Lubrication is absolutely essential to the proper operation of ball and roller 

Lubrication is absolutely essential to the proper operation of ball and roller bearings. A proper lubricant will reduce friction between the internal sliding surfaces of the bearings components and reduce or prevent metal-to-metal contact of the rolling elements with their raceways. Proper lubrication reduces wear and prevents corrosion, ensuring long service lives for bearings.

Lubrication, especially circulating oil will also remove heat from the bearing.

There are two basic types of bearing lubricants readily available: Oil and Grease. The former is fairly simple to understand, being a free-flowing liquid, while the latter is a little more complex.  In order to be a lubricant, all greases have oil that is entrained in a thickened base. It is this base that gives the impression that grease is a more viscous type of oil; however, it is the oil in the grease that does the actual lubricating. Each type of lubricant has its own advantages and disadvantages and is selected by the nature of the application. The major advantages of the two basic types of lubricants are:

Lubricant

Advantage

Disadvantage

Oil

Easy to distribute, lubes other components, less drag, easier to drain out and change.  Better for high temperature.

May leak (environmental concern), then no more lubrication

Grease

Remains in place, doesn't leak out easily, improves sealing, and does not require monitoring.

Requires more labor to clean out and replenish.  High temperature grease is very expensive.

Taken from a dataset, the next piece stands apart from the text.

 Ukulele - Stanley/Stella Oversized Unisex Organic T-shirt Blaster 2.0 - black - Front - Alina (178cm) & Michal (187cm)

Each manufacturer of a lubricant can supply a specification sheet for each of their products, and each sheet will have a list of about 20 properties and their values related to this lubricant. The most important property of any lubricant for rolling element bearings is its oil viscosity. If the specification sheet is for an oil, the viscosity values will be for the oil. If it’s a grease, it should refer to “Base Oil Viscosity” or another similar term, depending on the manufacturer. Usually, four viscosity values are shown as follows:

cSt @ 40° C(104°F) SI units

cSt @ 100°C (212°F) SI units

SUS @ 100°F(38°C) Imperial units

SUS @ 210°F(99°C) Imperial units

It is very important to select a lubricant that will provide a minimum acceptable viscosity at the bearing’s operating temperature, which will usually be between the lowest and highest reference temperatures shown above. Typically, oil viscosity numbers decrease very rapidly with increasing temperature. Determining a bearing’s operating temperature is a fairly complicated calculation that is beyond the scope of this catalog. Calculating the viscosity of a lubricant at this temperature from the lubricant manufacturer’s specifications is yet another matter. Often, previous experience with an existing similar machine will indicate an acceptable lubricant. In house testing of a prototype or the first machine can indicate operating temperatures. Most machines use a lubricant that is selected to match the most severe demand of one component in the machine such as a bearing, gear, etc. 

Additives are a very important feature of modern oils and greases and can often mean the difference for successful, long term operation of bearings and other machine components. The selection of any lubricant over another should always consider additives.